# RIP class 05-09



## VietSOLDIER (Mar 28, 2009)

I have the 12 mile roadmarch on Wednesday and then I graduate on Friday, April 3rd almost there!;)


----------



## Boondocksaint375 (Mar 28, 2009)

Enjoy the roadrun....er I mean roadmarch


----------



## pardus (Mar 28, 2009)

Boondocksaint375 said:


> Enjoy the roadrun....er I mean roadmarch



LOL!  

Good luck Viet, don't quit!


----------



## 8'Duece (Mar 28, 2009)

Well done !!!!

Yeah, it's not so much a march as a run...................even with the 82nd


----------



## 104TN (Mar 28, 2009)

Congrats. man.


----------



## Typhoon (Mar 28, 2009)

Congrats and keep working hard...


----------



## Gypsy (Mar 28, 2009)

Well done!  All the best on your march...run...whatever.  :)


----------



## Muppet (Mar 29, 2009)

Good luck.

F.M.


----------



## amlove21 (Mar 29, 2009)

good, so youre done playing around now and you can start getting down for real.

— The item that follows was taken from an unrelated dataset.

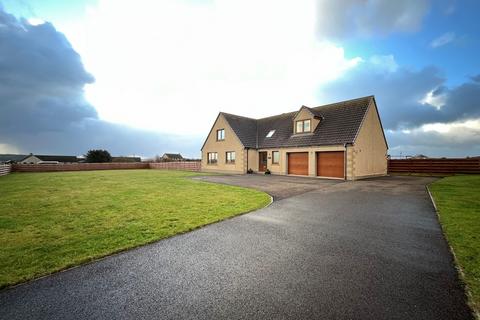 4 bedroom detached house for sale, Dunnet, Thurso, Highland. KW14 8YD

Knock that road march out and get to where we all need you- out there in the real world. great job and congratulations.


----------



## Scotth (Mar 29, 2009)

Finish strong and well done


----------



## Hammer (Mar 29, 2009)

Gypsy said:


> Well done!  All the best on your march...run...whatever.  :)



lol:uhh:


----------